= Frederic Hsieh =

Chinese-born American realtor and investor

Frederic Shu Kong Hsieh (謝樹剛 (Xiè Shùgāng), March 1, 1945-August 8, 1999) was a Chinese-born American realtor and investor who "founded" the first Chinese American suburban community of Monterey Park, California by purchasing and reselling plots of abandoned land in the city at premium prices to Chinese investors from Taiwan. In addition, he heavily promoted Monterey Park in newspapers of Hong Kong and Taiwan to encourage prospective Chinese emigrants to move to the city. In the early 1970s, he predicted that the then-predominantly Caucasian city of Monterey Park and the San Gabriel Valley would serve as an anchor for new ethnic Chinese immigrants as an alternative to the old Chinatown in Los Angeles, but it was immediately dismissed and brushed off as mere speculation at the time.
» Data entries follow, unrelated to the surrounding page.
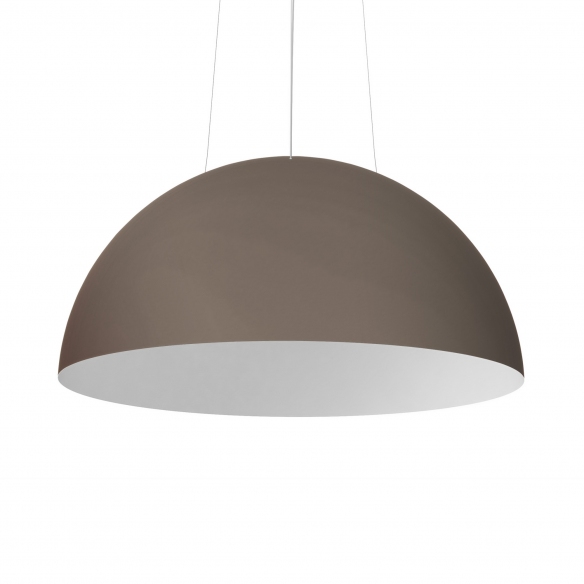Slide Lampada a sospensione Elios diam 200 cm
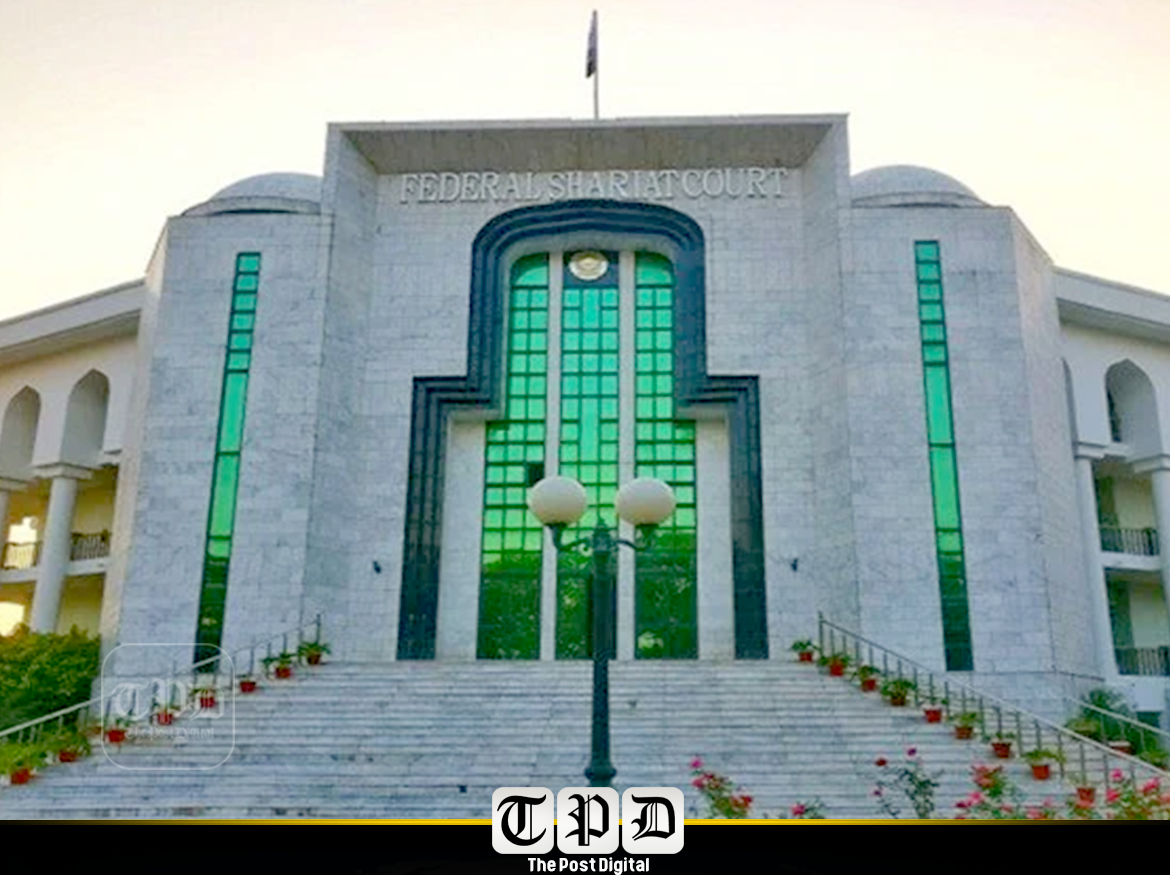 سپریم کورٹ سمیت تمام ہائیکورٹس میں زیرالتوا اسی نوعیت کے مقدمات کا ریکارڈ بھی پیش کرنے کا حکم، اصل سوال آئینی تشریح اور بنیادی حقوق کے مقدمات کے اختیارِ سماعت کا ہے: عدالت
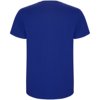 Roly t-shirt Stafford Roly t-shirt Stafford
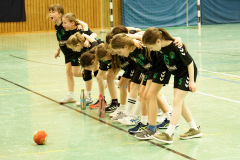 20250315_wE-TuS-05-Daun-HSG-Mertesdorf-Ruwertal-II-134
However, his prophetic words came true as many Hong Kong and Taiwanese immigrant elite and poverty-stricken ethnic Chinese refugees from Vietnam alike began settling in Monterey Park and in nearby Alhambra, Rosemead, and San Gabriel, California. Additionally, many immigrants from mainland China, who would have settled to traditional immigrant points such as San Francisco or New York City, have also arrived to Monterey Park and other parts of the San Gabriel Valley due to the work of Hsieh. Wealthier immigrants have since moved onto San Marino (an expensive neighborhood) in large numbers during the 1980s and eventually in other communities such as Walnut and Rowland Heights thus giving rise to new suburban Chinatown areas in the Los Angeles. By the 1980s, for the first time in US history, Monterey Park became the first suburban city with an Asian American majority population. Hence, Hsieh is generally credited for leading the way to Chinese immigration in the Greater Los Angeles area. This process initiated a wave of some "white flight" from then white-bread communities.

He owned and operated the prominent Chinese American realty company, Mandarin Realty, which still operates in Monterey Park. As a developer, entrepreneur, he was also a community activist. He left a historic mark on the city of Monterey Park and the entire region.

Hsieh died while visiting Las Vegas in 1999.